01 - Set the oven temperature to 375°F.
02 - Toss beef cubes with flour, salt, and pepper until evenly coated.
03 - Heat vegetable oil in a large Dutch oven over medium-high heat and brown beef in batches. Remove and set aside.
04 - Add onion, carrots, and celery to the same pot and cook for 5 minutes until softened. Stir in minced garlic and cook for an additional minute.
05 - Return beef to the pot. Mix in tomato paste, then pour in red wine, beef stock, Worcestershire sauce, thyme, and add bay leaf.
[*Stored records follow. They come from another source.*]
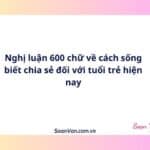 Nghị luận 600 chữ về cách sống biết chia sẻ đối với tuổi trẻ hiện nay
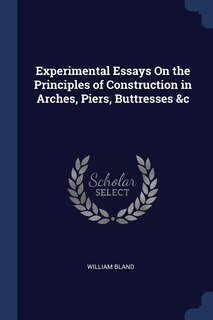 Couverture_Experimental Essays On the Principles of Construction in Arches, Piers, Buttresses &c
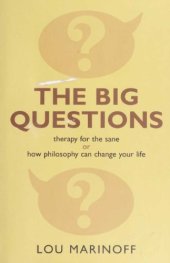 book The Big Questions_ Therapy for the Sane or How Philosophy Can Change Your Life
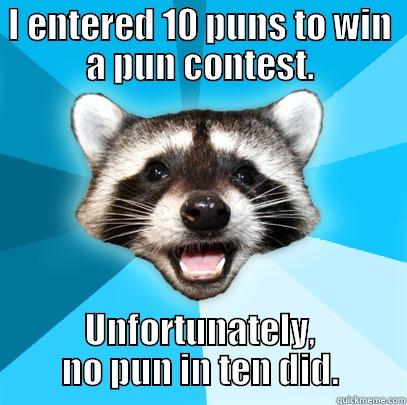 I ENTERED 10 PUNS TO WIN A PUN CONTEST. UNFORTUNATELY, NO PUN IN TEN DID. Lame Pun Coon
06 - Bring the mixture to a simmer, cover, and cook over low heat for 1.5 hours until beef is tender and sauce thickens. Remove bay leaf and allow filling to cool.
07 - In a large bowl, combine flour and salt. Rub in cold butter until mixture resembles coarse crumbs. Gradually add ice water, mixing until dough forms. Divide into two discs, wrap, and chill for at least 30 minutes.
08 - Roll out one dough disc on a floured surface to fit a 9-inch pie dish. Line the dish and trim excess dough.
09 - Spoon the cooled beef mixture evenly into the prepared crust.
10 - Roll out the second dough disc and place over the filling. Seal and crimp edges. Cut slits on top for steam to escape.
11 - Brush the top crust with beaten egg.
12 - Place pie in oven and bake for 40 to 45 minutes until crust is golden brown.
13 - Allow pie to rest for 10 minutes before slicing and serving.